Technically, the supplemental draft is meant for players who missed the registration deadline for the NFL draft. However, most players know that they are going to enter the draft, and register on time. The players in the supplemental draft often come with character concerns, or are struggling with ineligibility at the college level for some reason. Thus, these players declare for the supplemental draft rather than spend a year away from football.
Do decent players ever get selected in the supplemental draft? Absolutely. Chris Carter was a supplemental draft pick and now he's in the Hall of Fame. The last (only?) good Browns QB, Bernie Kosar, was a supplemental draft pick. Linebacker Ahmad Brooks? Supplemental draft pick. The often suspended but extremely talented Josh Gordon? Supplemental draft pick. QB-turned-WR Terrelle Pryor? Supplemental draft pick. While the supplemental draft isn't a huge source of NFL-caliber player talent, some talented players still are selected in it on occasion.
There are seven players eligible for the 2015 supplemental draft. Here they are:
Battle, Isaiah. OT, Clemson. Battle is probably the most talented player in this year's supplemental draft class. He has the talent to be a potential starter at the NFL level, and should stick with a team. However, character concerns abound after he was allegedly caught with marijuana while speeding. Battle, however, also just recently had a son, and logically could be moving to the NFL to help support him. I would almost guarantee that we see him drafted by some team.
Caldwell, Darius. DE, West Georgia. Caldwell is a small-school standout who spent some time at multiple schools, and ultimately spent last season at West Georgia. He does some things well, but projects as a practice-squad type of player at the next level. While he might be selected at the tail end of the supplemental draft, more likely he'll go undrafted. That being said, he still has the talent to wind up in an NFL camp.
Eiland, Eric. DE, Houston. Eiland is an interesting player. He started playing college football in 2007, but spent some time playing baseball in the Toronto Blue Jays organization and is 27 years old. His age and the need to learn a new position (he's likely too small to play DE in the NFL and will probably move to OLB) will discourage teams from selecting him, but he may find a spot in a camp.
McQuillan, Sean. TE, UConn. McQuillan is an extremely talented player. However, he was kicked off of his college team following an arrest on assault charges. McQuillan absolutely has the talent to stick on a roster at the NFL level, but his arrest will likely keep teams away from him since his trial is after the draft. If he's cleared of charges, he could be a steal as a free agent for some lucky team.

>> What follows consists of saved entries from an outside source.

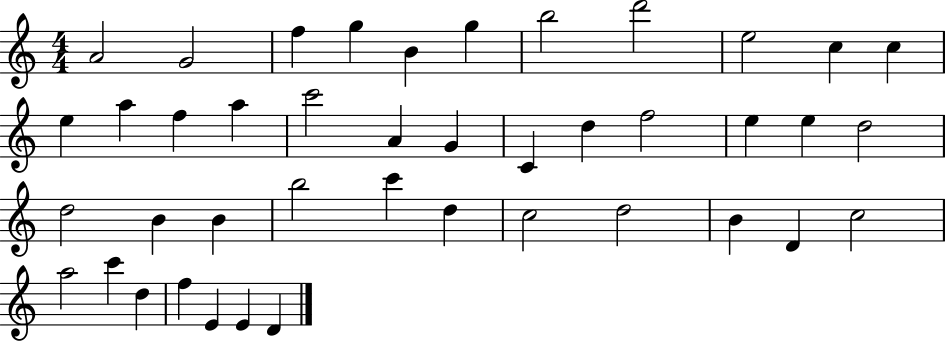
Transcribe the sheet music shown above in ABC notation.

X:1
T:Untitled
M:4/4
L:1/4
K:C
A2 G2 f g B g b2 d'2 e2 c c e a f a c'2 A G C d f2 e e d2 d2 B B b2 c' d c2 d2 B D c2 a2 c' d f E E D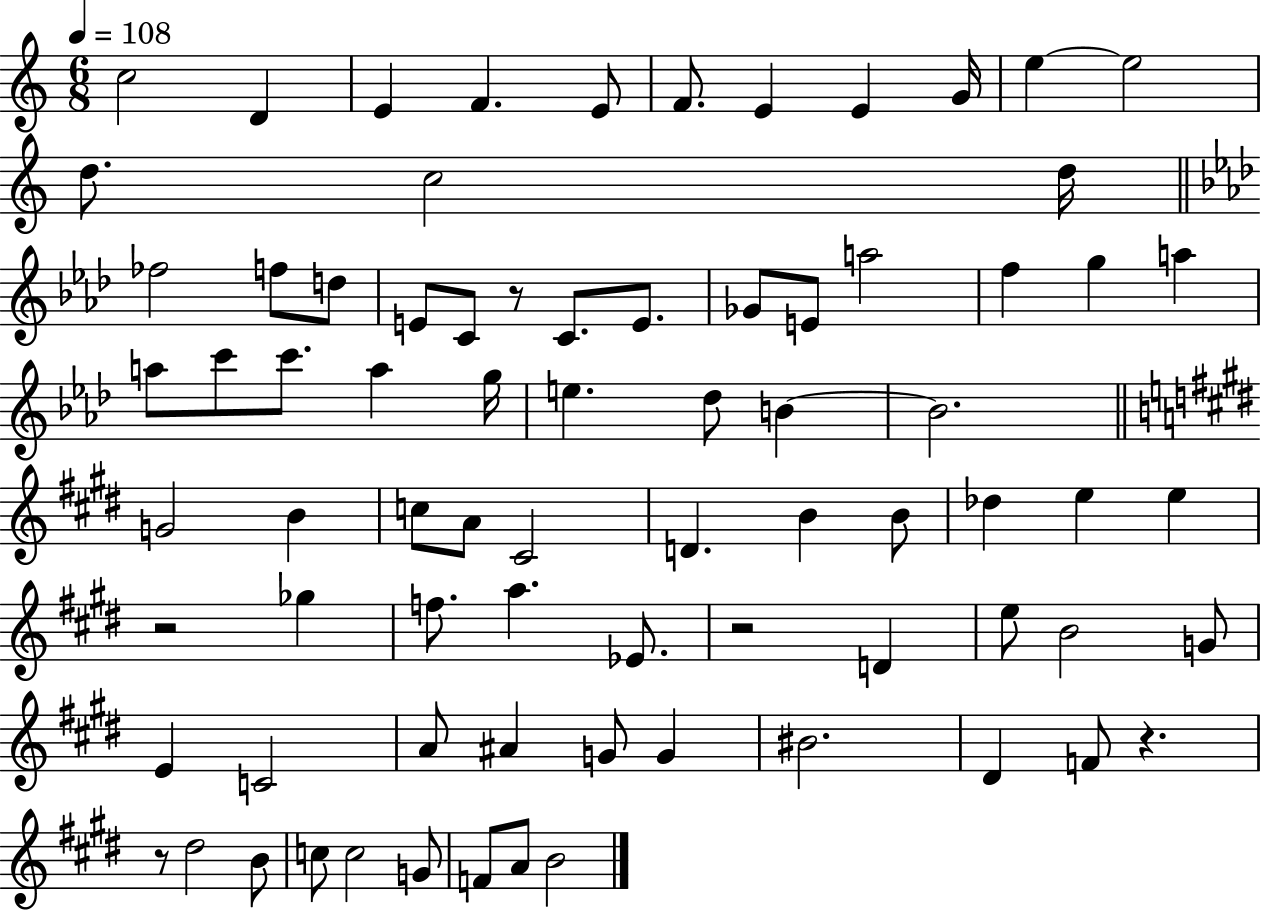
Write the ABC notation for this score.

X:1
T:Untitled
M:6/8
L:1/4
K:C
c2 D E F E/2 F/2 E E G/4 e e2 d/2 c2 d/4 _f2 f/2 d/2 E/2 C/2 z/2 C/2 E/2 _G/2 E/2 a2 f g a a/2 c'/2 c'/2 a g/4 e _d/2 B B2 G2 B c/2 A/2 ^C2 D B B/2 _d e e z2 _g f/2 a _E/2 z2 D e/2 B2 G/2 E C2 A/2 ^A G/2 G ^B2 ^D F/2 z z/2 ^d2 B/2 c/2 c2 G/2 F/2 A/2 B2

Short, Kevin. DB, Kansas. Short was a hyped junior college transfer for Kansas. Then he didn't play a down of football for them after transferring, following a red shirt season in 2013 and then a year of academic ineligibility in 2014. Two years away from football will likely scare teams away from Short, but he could wind up in an NFL camp. More likely he'll spend a few years in a league such as the CFL proving his talent before attempting to jump to the NFL.
Stuckey, Dalvon, DT, West Georgia. Stuckey is a talented small-school talent who attempted to transfer to Arizona State but didn't make the cut academically. He's a guy that has the talent to be a backup / developmental guy in the NFL early on, and should catch on with a team after the draft at worst.
Wilkins, Adrian. WR, North Carolina Central. Wilkins is an extremely talented kick returner, but at 5-8, 175 pounds, some teams will be scared away due to size myths. That being said, the Eagles have shown some interest, and I could see them taking a chance on him late in the draft. He's a very talented player that could see playing time early in his career as a return specialist. While Battle is the big name in this year's supplemental draft, Wilkins could be selected as well.
So those are the players. How do teams select them? The sensible way to do it would be to draft in order, just like the regular draft. Just have teams choose which round they'd like to select a player in, and highest pick wins. However, the NFL just can't let the supplemental draft be that simple. It's the supplemental draft, so they have to make it exciting!
The NFL supplemental draft can best be described as a three step program. And who doesn't love three step programs?! First, teams with six wins or less in the previous season participate in a lottery for the first overall pick. This group consists of the Giants, Rams, Bears, Jets, Redskins, Jaguars, Raiders, Titans, and Buccaneers. One of these nine teams will have the first overall selection in the supplemental draft, and the other 8 will follow. The Buccaneers will have the best odds at the 1st pick, and the Giants, Falcons, and Rams will have the worst odds out of this group. Every team is given a certain number of entries into the lottery drawing, and the Buccaneers will have the most.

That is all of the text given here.